- [YOUR TASK]
Repeat every record below exactly, leaving out the pictures.

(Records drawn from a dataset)
┌──

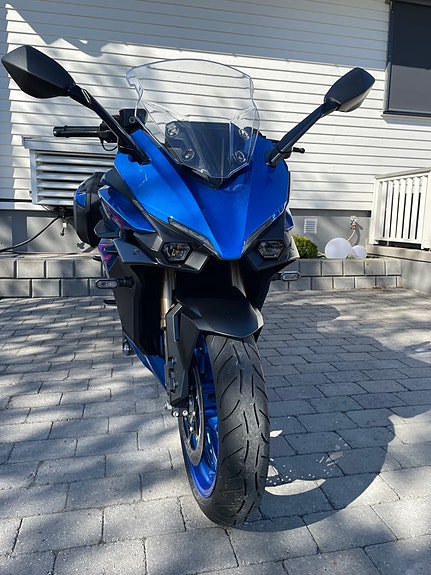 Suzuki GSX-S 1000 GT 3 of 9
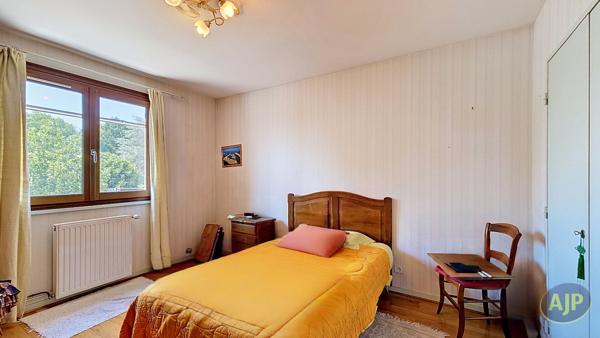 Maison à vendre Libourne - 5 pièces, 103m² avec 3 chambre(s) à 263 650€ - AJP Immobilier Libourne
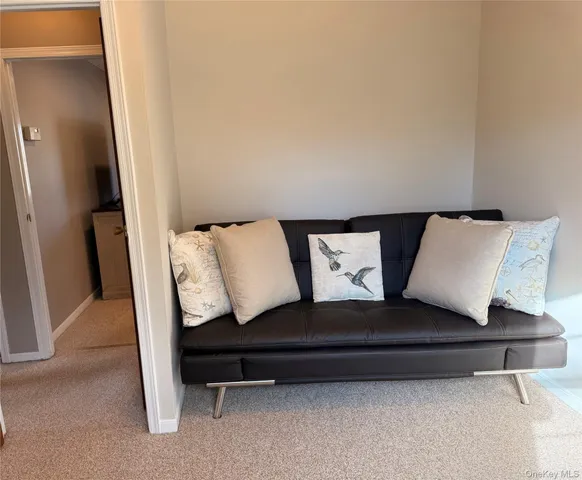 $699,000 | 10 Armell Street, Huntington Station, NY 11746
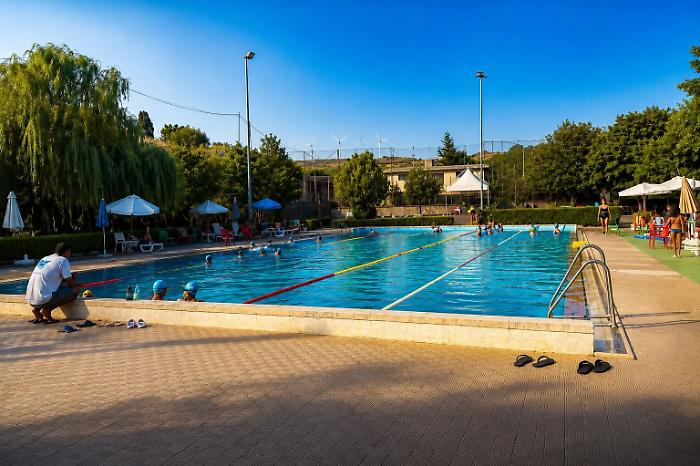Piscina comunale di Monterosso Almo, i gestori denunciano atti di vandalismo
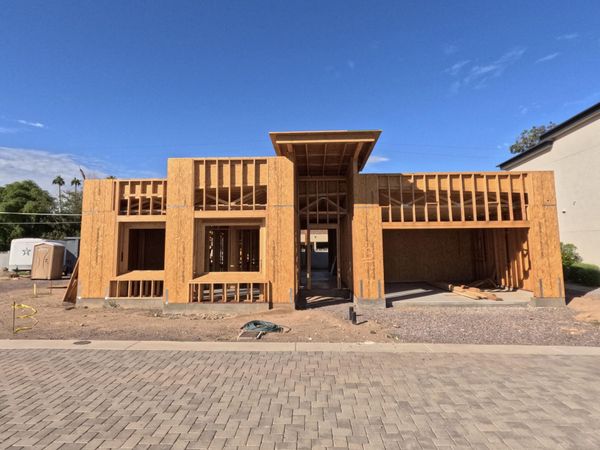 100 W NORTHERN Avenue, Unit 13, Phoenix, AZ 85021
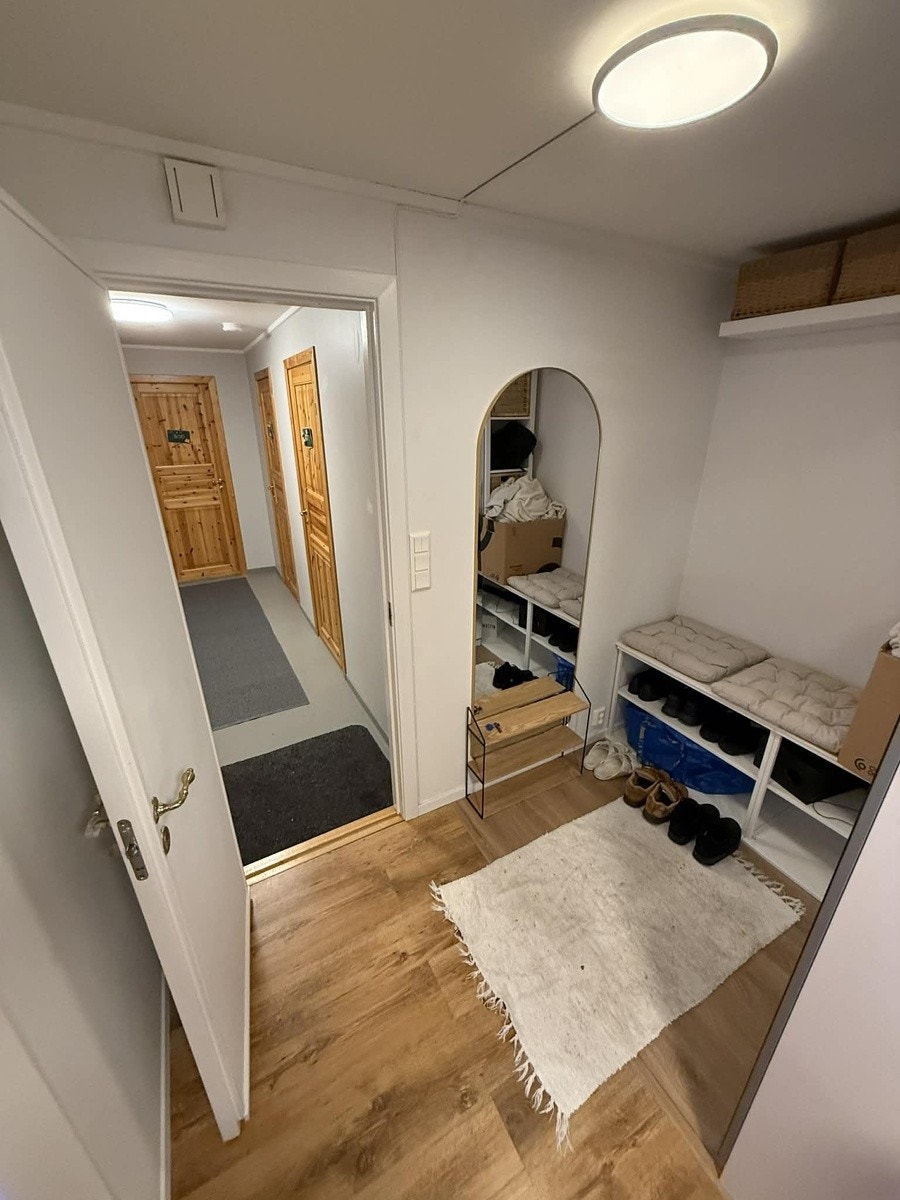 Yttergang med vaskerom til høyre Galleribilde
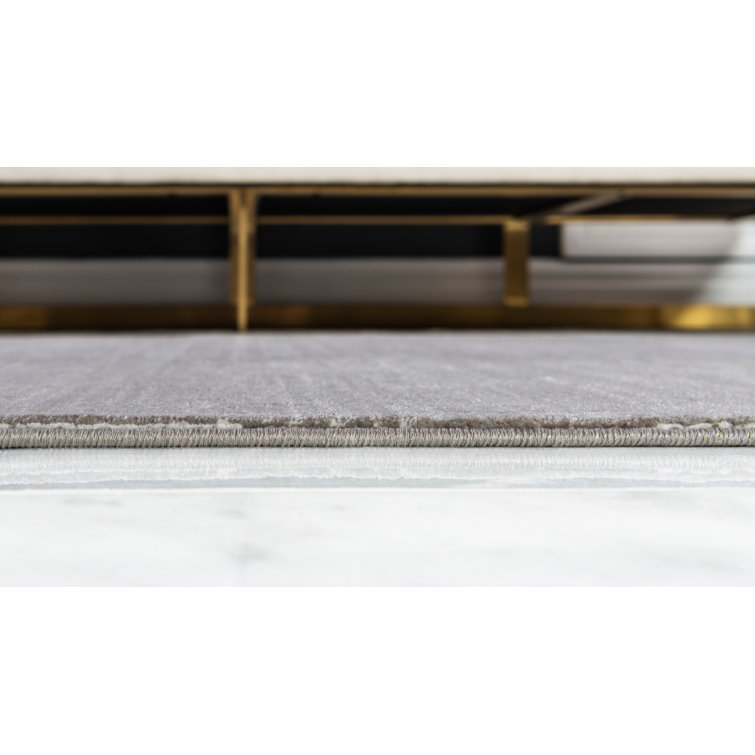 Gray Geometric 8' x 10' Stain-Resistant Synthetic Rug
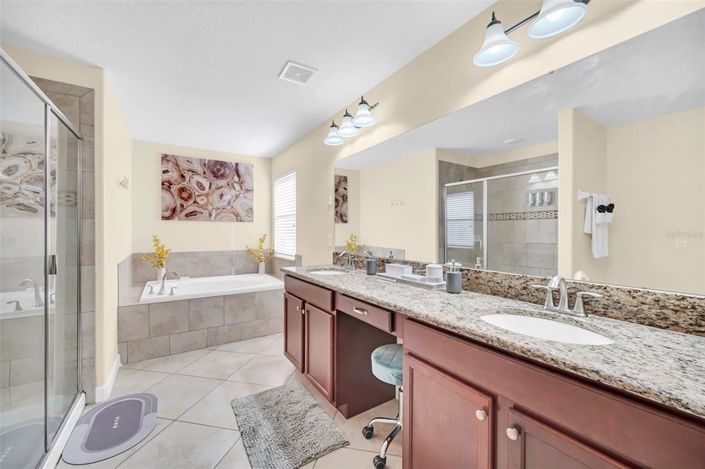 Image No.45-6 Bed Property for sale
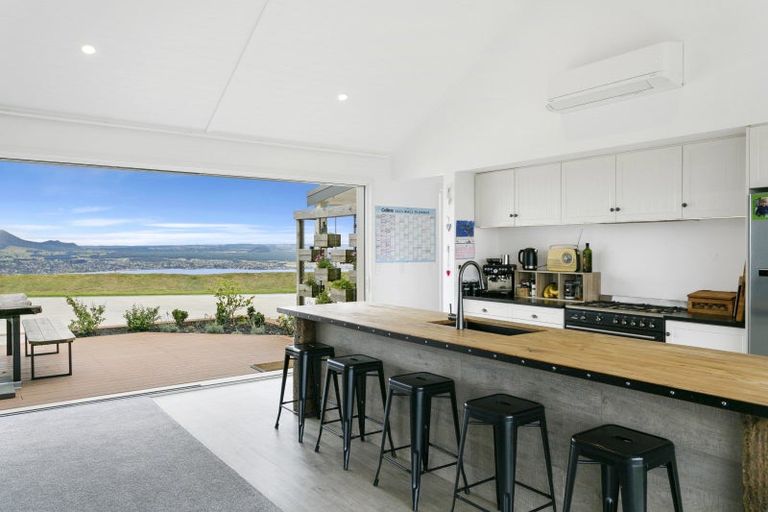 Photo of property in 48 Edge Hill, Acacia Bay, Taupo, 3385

└──

- [ANSWER FOR THIS EXERCISE]
 Suzuki GSX-S 1000 GT 3 of 9
 Maison à vendre Libourne - 5 pièces, 103m² avec 3 chambre(s) à 263 650€ - AJP Immobilier Libourne
 $699,000 | 10 Armell Street, Huntington Station, NY 11746
Piscina comunale di Monterosso Almo, i gestori denunciano atti di vandalismo
 100 W NORTHERN Avenue, Unit 13, Phoenix, AZ 85021
 Yttergang med vaskerom til høyre Galleribilde
 Gray Geometric 8' x 10' Stain-Resistant Synthetic Rug
 Image No.45-6 Bed Property for sale
 Photo of property in 48 Edge Hill, Acacia Bay, Taupo, 3385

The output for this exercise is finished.